The insured owned property covered under a homeowner’s insurance policy. In June of 2014, the insured entered into a listing contract with a real estate agent for the sale of the property. The insured relocated out of state two months later. In October of 2014, the insured accepted an offer to sell the property for $275,000. Before the sale, the real estate agent discovered that water pipes had burst, causing significant damage.
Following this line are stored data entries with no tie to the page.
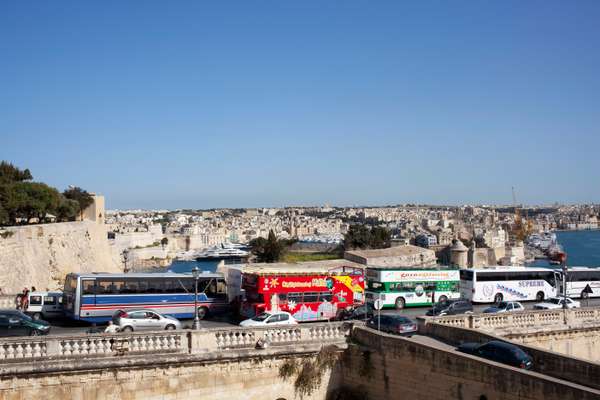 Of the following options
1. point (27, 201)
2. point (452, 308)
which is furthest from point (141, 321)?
point (27, 201)

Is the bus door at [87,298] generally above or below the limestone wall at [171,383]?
above

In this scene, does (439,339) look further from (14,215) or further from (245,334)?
(14,215)

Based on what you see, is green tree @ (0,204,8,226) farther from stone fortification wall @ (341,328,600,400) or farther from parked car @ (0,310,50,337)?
stone fortification wall @ (341,328,600,400)

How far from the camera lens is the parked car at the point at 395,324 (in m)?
16.4

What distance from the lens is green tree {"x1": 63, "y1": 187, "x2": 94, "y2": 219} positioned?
5875 centimetres

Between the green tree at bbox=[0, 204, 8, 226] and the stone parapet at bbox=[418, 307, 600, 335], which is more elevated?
the green tree at bbox=[0, 204, 8, 226]

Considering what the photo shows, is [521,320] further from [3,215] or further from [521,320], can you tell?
[3,215]

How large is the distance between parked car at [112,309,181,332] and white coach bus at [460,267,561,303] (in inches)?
603

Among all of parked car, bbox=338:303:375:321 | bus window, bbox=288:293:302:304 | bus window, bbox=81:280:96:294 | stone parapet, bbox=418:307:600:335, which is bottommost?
parked car, bbox=338:303:375:321

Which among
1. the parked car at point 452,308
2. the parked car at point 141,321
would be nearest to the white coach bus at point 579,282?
the parked car at point 452,308

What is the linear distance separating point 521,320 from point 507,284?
1097 centimetres

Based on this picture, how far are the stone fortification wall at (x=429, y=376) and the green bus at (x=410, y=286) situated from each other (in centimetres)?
1180

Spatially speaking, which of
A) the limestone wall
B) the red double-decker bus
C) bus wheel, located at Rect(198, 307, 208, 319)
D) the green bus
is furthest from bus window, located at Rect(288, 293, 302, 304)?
the limestone wall

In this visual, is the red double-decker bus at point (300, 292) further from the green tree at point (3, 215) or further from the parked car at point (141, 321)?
the green tree at point (3, 215) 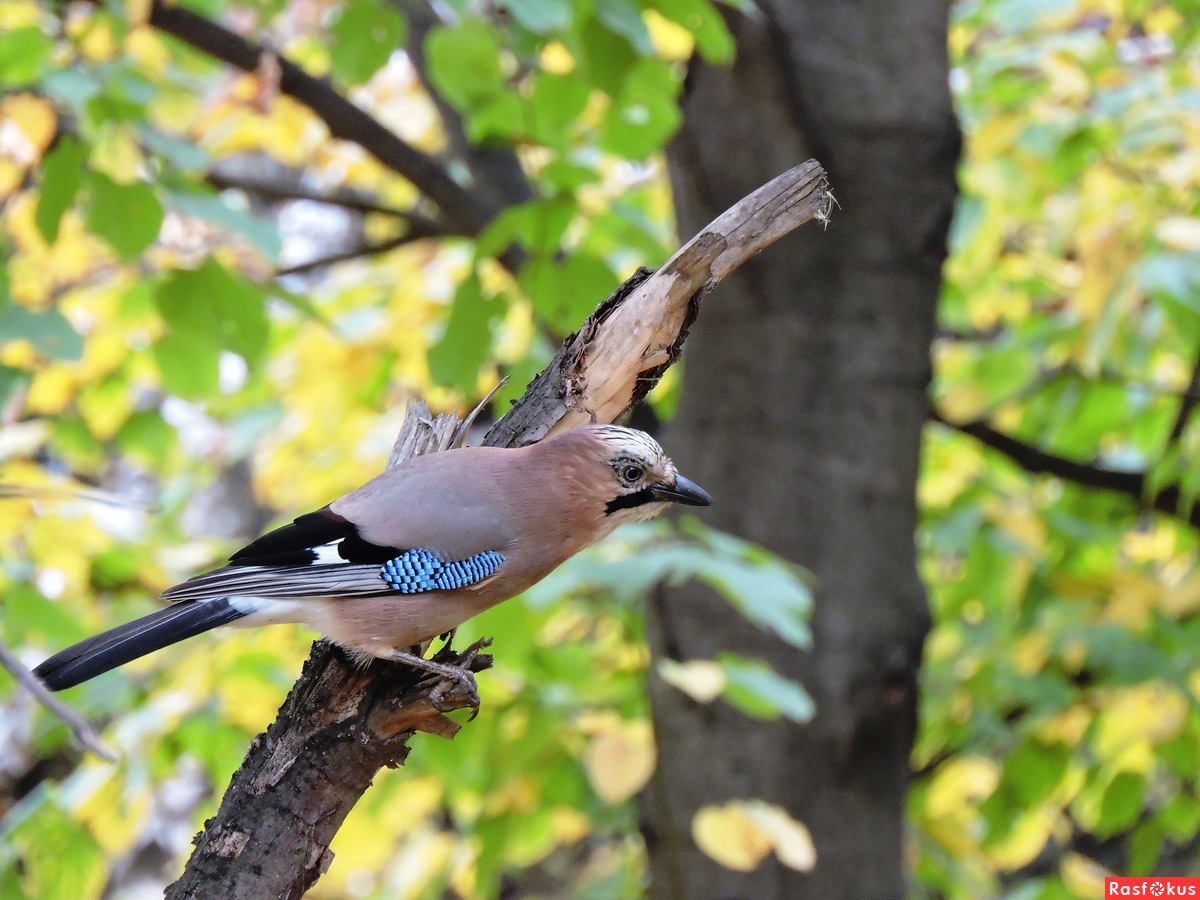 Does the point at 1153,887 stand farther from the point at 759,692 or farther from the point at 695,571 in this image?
the point at 695,571

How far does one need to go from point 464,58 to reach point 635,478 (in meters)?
1.33

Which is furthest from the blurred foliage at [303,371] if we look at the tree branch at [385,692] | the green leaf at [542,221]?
the tree branch at [385,692]

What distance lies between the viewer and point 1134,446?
4684 mm

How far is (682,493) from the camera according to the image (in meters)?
2.30

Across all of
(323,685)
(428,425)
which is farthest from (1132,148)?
(323,685)

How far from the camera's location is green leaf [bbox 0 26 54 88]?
2764mm

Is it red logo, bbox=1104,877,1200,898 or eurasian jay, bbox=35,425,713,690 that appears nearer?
eurasian jay, bbox=35,425,713,690

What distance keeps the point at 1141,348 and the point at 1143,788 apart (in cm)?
139

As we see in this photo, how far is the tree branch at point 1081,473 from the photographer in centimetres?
401

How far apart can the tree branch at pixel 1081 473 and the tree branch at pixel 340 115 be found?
1772mm

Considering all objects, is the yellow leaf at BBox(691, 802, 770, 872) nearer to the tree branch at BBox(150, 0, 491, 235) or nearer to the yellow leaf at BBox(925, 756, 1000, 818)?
the yellow leaf at BBox(925, 756, 1000, 818)

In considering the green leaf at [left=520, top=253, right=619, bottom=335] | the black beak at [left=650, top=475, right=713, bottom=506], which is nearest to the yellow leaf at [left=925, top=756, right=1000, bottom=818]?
the green leaf at [left=520, top=253, right=619, bottom=335]

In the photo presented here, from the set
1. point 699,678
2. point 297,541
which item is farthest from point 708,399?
point 297,541

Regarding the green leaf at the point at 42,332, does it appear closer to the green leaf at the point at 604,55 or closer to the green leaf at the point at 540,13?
the green leaf at the point at 540,13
It was alleged that an adjuster for the insurer estimated the damage at $80,000, and suggested that the insured may have sabotaged the property. The insured asserted there was no reason to sabotage the property because the $275,000 sale price far exceeded the amount left on the mortgage, and the buyer remained willing to purchase the property so long as repairs were made. The insurer wrote to the insured regarding coverage obligations and requesting further documentation. The insured timely responded to insurer’s request and provided the requested information.

The insurer referred the claim to its fraud unit. The insured provided requested information to the fraud unit, and sat for multiple examinations under oath. The insurer also requested phone records, financial information, and utility records.

The sale of the property fell through, and the property entered foreclosure proceedings. Counsel for the insured requested documentation from the insurer. The insurer allegedly failed to provide all of the requested documentation, but maintained its request for the insured’s cell phone records and financial information.

The insurer ultimately forwarded benefits totaling $110,510.20 to the insured. However, the insured estimated her damages at $155,785, and filed suit for breach of contract and bad faith, among other claims.

The insurer responded by filing a motion to dismiss the insured’s breach of contract claim. The Court refused to dismiss this claim, holding that the complaint “sufficiently sets forth the damages [the insured] purportedly suffered as a result of [the insurer’s] conduct.”

The insurer also filed a motion to strike the insured’s allegations of violations of the Unfair Insurance Practices Act (“UIPA”) and of Unfair Claims Settlement Practices Regulations (“UCSP”), arguing that these alleged violations cannot serve as the basis for private statutory bad faith claims. The Court stated that violations of the UIPA or UCSP are not per se violations of the bad faith statute, and added that the “Third Circuit and this Court have held that alleged violations of the Unfair Insurance Practices Act do not, in and of themselves, constitute bad faith….” The Court refused to strike those allegations, however, because the insured’s “bad faith claim does not rest solely on alleged UIPA or UCSP violations.”

The insured’s breach of contract claim included an alleged a breach of the implied covenant of good faith and fair dealing. The insurer also moved to strike this claim, arguing that the breach of contract claim subsumed it. The Court ruled that “as [the insured] has not pled a separate breach of contract claim, [the reference] may properly remain in the Complaint.”

Lastly, the Court struck the insured’s claims for compensatory and consequential damages, holding that such damages are not available under the Pennsylvania bad faith statute.

Date of Decision: September 19, 2017

Pratts v. State Farm Fire & Cas. Co., No. 16-2385, 2017 U.S. Dist. LEXIS 151650 (M.D. Pa. Sept. 19, 2017) (Caputo, J.)